SUPPLIED RECORDS
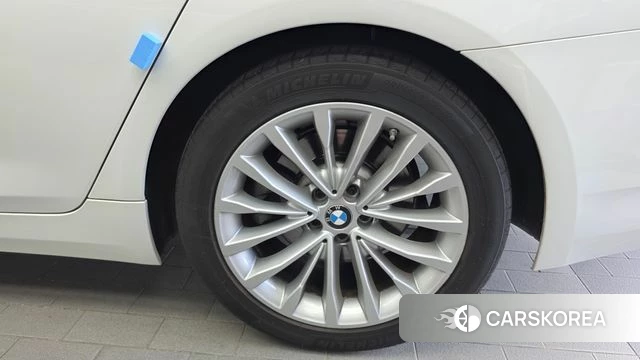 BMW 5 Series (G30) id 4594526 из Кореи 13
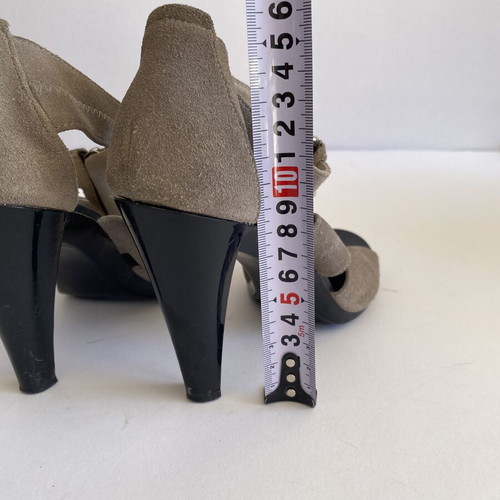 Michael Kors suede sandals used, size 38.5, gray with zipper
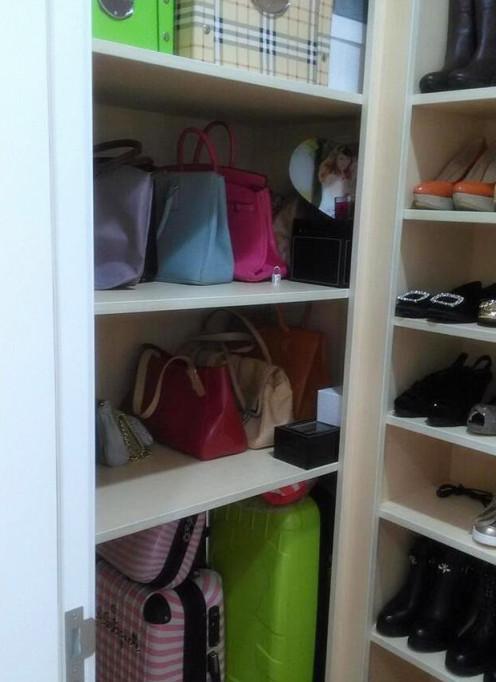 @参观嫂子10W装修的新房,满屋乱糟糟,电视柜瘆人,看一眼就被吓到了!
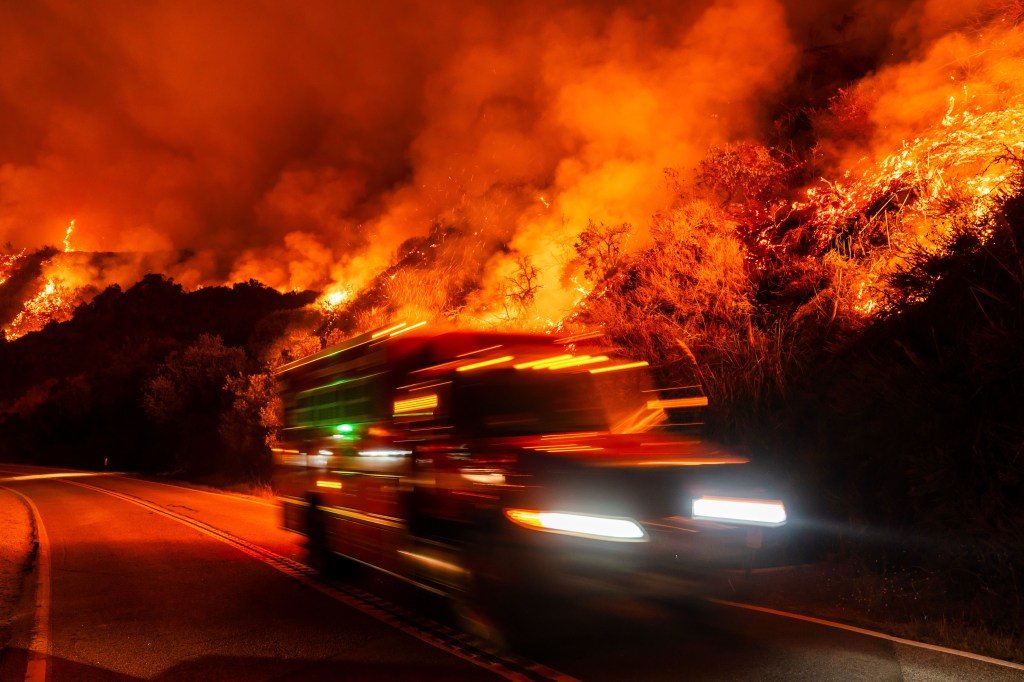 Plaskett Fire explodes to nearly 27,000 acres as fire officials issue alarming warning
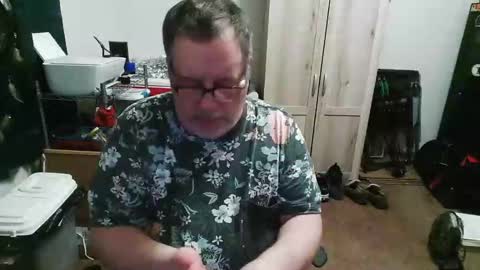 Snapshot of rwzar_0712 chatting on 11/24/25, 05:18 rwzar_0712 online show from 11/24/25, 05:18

WHAT THE TASK ASKS
Return all the data exactly, and keep the pictures out.

EXERCISE OUTPUT
 BMW 5 Series (G30) id 4594526 из Кореи 13
 Michael Kors suede sandals used, size 38.5, gray with zipper
 @参观嫂子10W装修的新房,满屋乱糟糟,电视柜瘆人,看一眼就被吓到了!
 Plaskett Fire explodes to nearly 27,000 acres as fire officials issue alarming warning
 Snapshot of rwzar_0712 chatting on 11/24/25, 05:18 rwzar_0712 online show from 11/24/25, 05:18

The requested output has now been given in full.